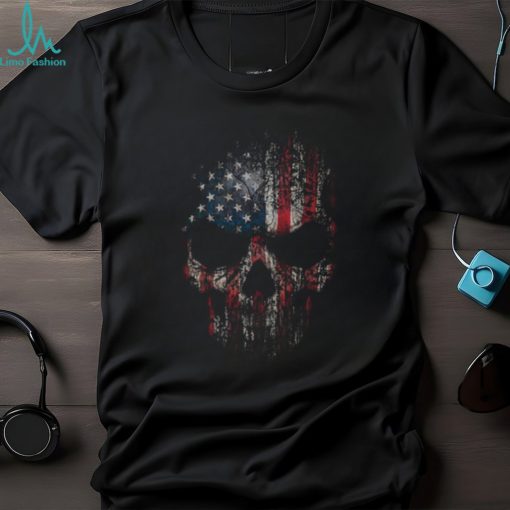 USA Flag Skull T Shirt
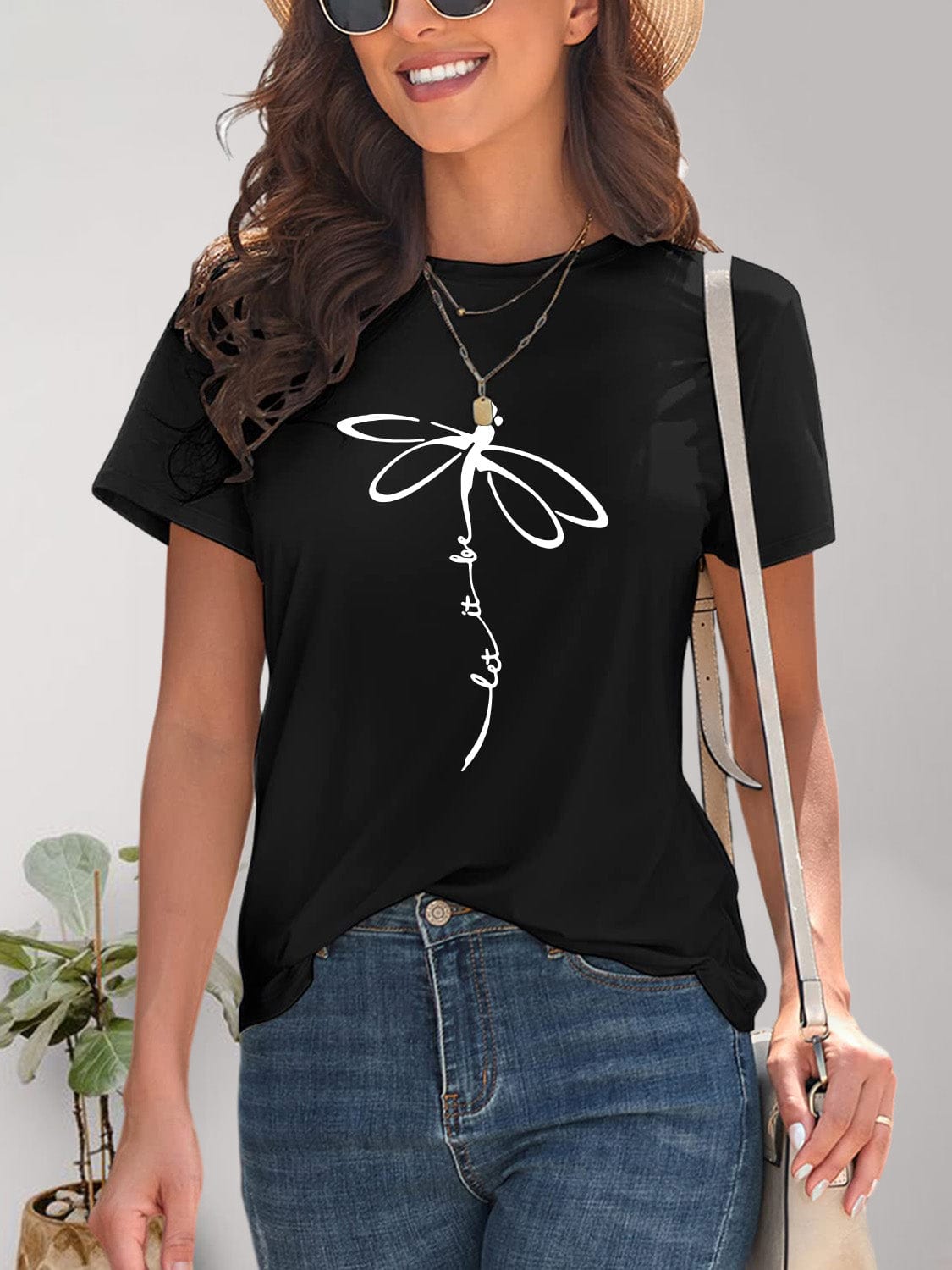 Dragonfly Graphic Round Neck Short Sleeve T-Shirt - Trendsi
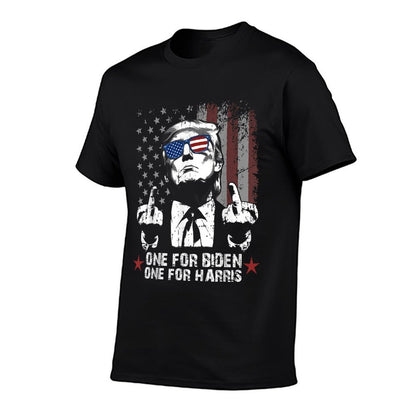 Trump 2024 US American One For Biden One For Harris  Cotton T-Shirt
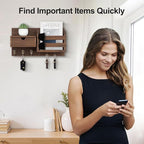 Lwenki Wall Mount Key Holder with Mail Organizer, 100% Paulownia Wood, 7 Metal Hooks, Storage Drawer, Entryway Home Decor (Brown)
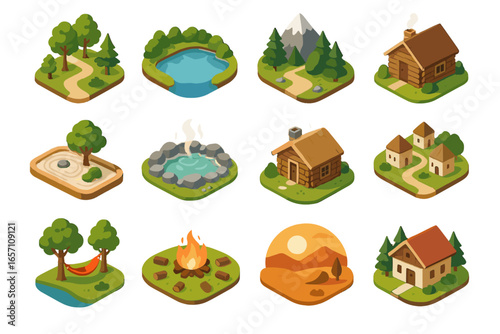 Zone lake digital icon forest tent spring desert icons village vector detox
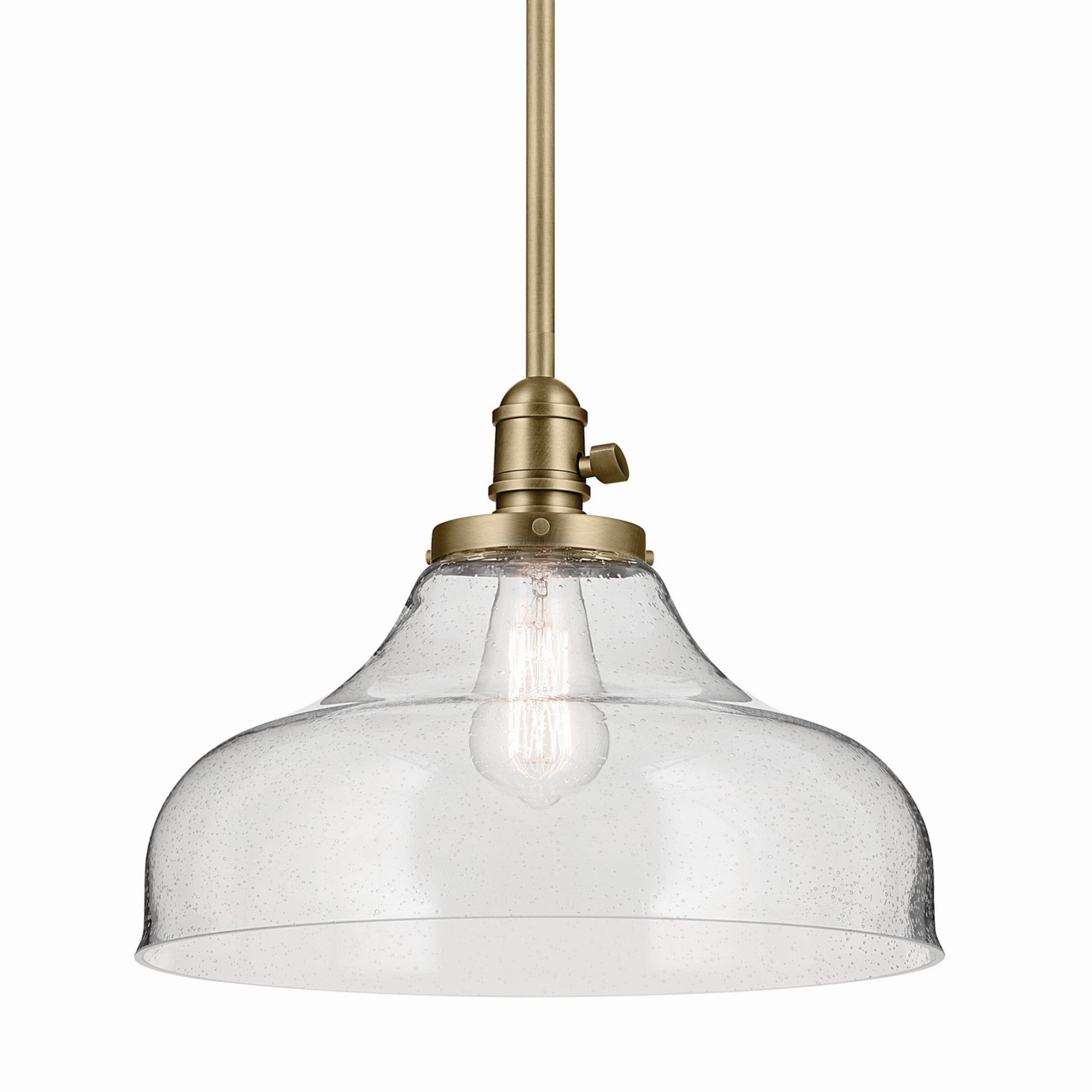 Avery 15" Bell Pendant Light with Clear Seeded Glass, Natural Brass Finish - Bees Lighting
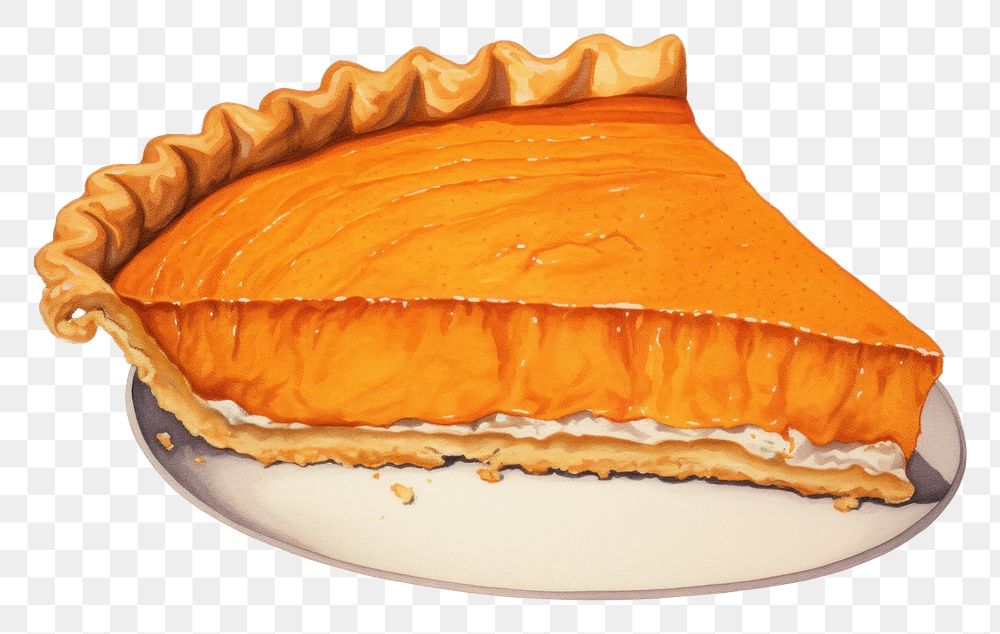 PNG Pumpkin pie dessert pastry food. AI generated Image by rawpixel.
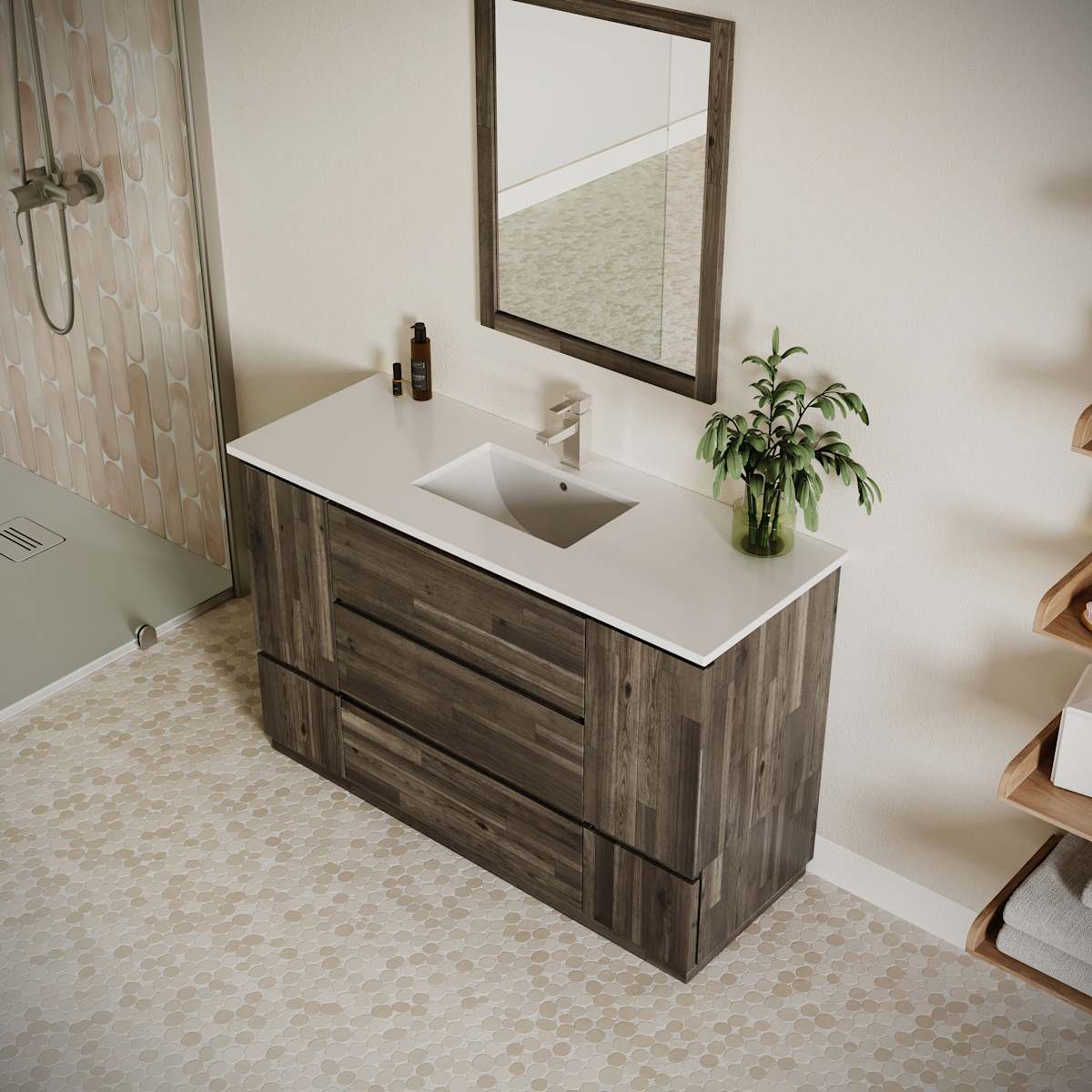 Formosa 54" Free Standing Single Basin Vanity Set with Cabinet and Quartz Vanity Top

════════

### ACTION ITEM
Everything in the entries except the pictures should be returned exactly as given.

### RESPONSE TO THE EXERCISE
 USA Flag Skull T Shirt
 Dragonfly Graphic Round Neck Short Sleeve T-Shirt - Trendsi
 Trump 2024 US American One For Biden One For Harris  Cotton T-Shirt
 Lwenki Wall Mount Key Holder with Mail Organizer, 100% Paulownia Wood, 7 Metal Hooks, Storage Drawer, Entryway Home Decor (Brown)
 Zone lake digital icon forest tent spring desert icons village vector detox
 Avery 15" Bell Pendant Light with Clear Seeded Glass, Natural Brass Finish - Bees Lighting
 PNG Pumpkin pie dessert pastry food. AI generated Image by rawpixel.
 Formosa 54" Free Standing Single Basin Vanity Set with Cabinet and Quartz Vanity Top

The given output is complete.